Все это в итоге приводит к устойчивой корреляции звуковых образов с эмоциональными переживаниями субъекта (радость, грусть, тоска, раздражение, спокойствие, уныние, умиротворение и др.). Как следствие, носители имен со “звуковым негативом” вырабатывают нежелательные психические и физиологические качества. Можно предположить, что историческая живучесть имен во многом определяется символикой их звучания. Так, “тяжелая”, “грубая” фонетическая оболочка таких имен как Фекла, Марфа, Матрена, Глафира и др. привела к тому, что ими сегодня практически не называют детей. А вот мягко, нежно звучащее слово “Инна”, которое в свое время являлось мужским именем, полностью взято на вооружение женщинами.

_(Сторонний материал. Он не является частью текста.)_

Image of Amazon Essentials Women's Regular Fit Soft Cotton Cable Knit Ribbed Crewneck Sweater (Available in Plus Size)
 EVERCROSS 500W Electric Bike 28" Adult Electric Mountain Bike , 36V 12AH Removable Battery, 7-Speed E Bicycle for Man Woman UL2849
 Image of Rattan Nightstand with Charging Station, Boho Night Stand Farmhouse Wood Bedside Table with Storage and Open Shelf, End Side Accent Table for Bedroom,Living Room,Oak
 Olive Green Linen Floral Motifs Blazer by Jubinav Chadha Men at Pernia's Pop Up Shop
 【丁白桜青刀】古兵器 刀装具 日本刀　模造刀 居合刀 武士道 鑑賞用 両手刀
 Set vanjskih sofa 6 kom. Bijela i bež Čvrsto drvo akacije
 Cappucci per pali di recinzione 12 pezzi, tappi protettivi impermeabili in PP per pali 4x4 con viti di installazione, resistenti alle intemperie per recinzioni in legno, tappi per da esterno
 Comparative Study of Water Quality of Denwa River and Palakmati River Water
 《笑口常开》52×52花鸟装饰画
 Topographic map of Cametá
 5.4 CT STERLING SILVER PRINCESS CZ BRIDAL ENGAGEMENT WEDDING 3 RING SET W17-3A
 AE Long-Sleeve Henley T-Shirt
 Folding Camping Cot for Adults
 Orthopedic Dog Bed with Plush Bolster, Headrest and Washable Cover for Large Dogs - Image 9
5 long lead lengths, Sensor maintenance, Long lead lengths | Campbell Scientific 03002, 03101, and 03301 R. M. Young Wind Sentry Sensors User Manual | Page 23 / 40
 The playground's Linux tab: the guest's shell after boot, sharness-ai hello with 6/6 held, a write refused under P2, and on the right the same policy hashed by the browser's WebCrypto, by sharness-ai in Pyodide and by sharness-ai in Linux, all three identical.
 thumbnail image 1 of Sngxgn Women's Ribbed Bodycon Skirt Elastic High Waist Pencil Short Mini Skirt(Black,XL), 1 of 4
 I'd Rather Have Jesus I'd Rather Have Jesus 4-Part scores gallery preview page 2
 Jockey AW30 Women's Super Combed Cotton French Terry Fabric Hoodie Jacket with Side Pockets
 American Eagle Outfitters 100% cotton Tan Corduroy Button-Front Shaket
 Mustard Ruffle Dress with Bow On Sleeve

Имеются также убедительные психолого-физические подтверждения негативной и позитивной реакции человека не только на фонетическое, но и смысловое значение имени.
Особое место в учении Павла Флоренского о символике имени отведено поиску скрытого смысла языка поэзии (имен поэтического текста). В лирической поэме “Оро” он подчеркивает, что смысловое значение поэтического образа всегда “больше, чем его наглядно-чувственное содержание. Это значит, что образ поэзии есть по самой своей природе символ (всякая реальность, которая больше себя самой)” 18.
Одна из характерных особенностей поэтического текста состоит в том, что в принципе любой его элемент может иметь символическое значение. Самые распространенные символы поэзии — словесные. Функции художественного символа успешно выполняют отдельные слова, обозначающие неодушевленные и одушевленные предметы, их свойства, связи и отношения, фразеологические обороты, цитаты, мифологические сюжеты, библейские персонажи, заголовок и даже поэтический текст в своей целостности.
Символика, однако, присуща не только словесно-смысловым компонентам поэтического произведения. Своеобразное символическое содержание имеется и в материальных носителях эстетической информации — графической и, на что особое внимание обращает Флоренский, фонетической системах языка. Именно с их восприятия начинается художественное освоение поэтического слова. Возникающие при этом зрительные и звуковые образы представляют основу для последующего творческого осмысления всего богатства художественного материала, исходную ступеньку, с которой начинается проникновение в мир “чувств и дум” (А.С. Пушкин) поэта. Овладение перцептивной символикой, особенно в ее фонетическом варианте, способствует адекватному воспроизведению художественной сущности в сознании реципиента, пониманию поэтического текста.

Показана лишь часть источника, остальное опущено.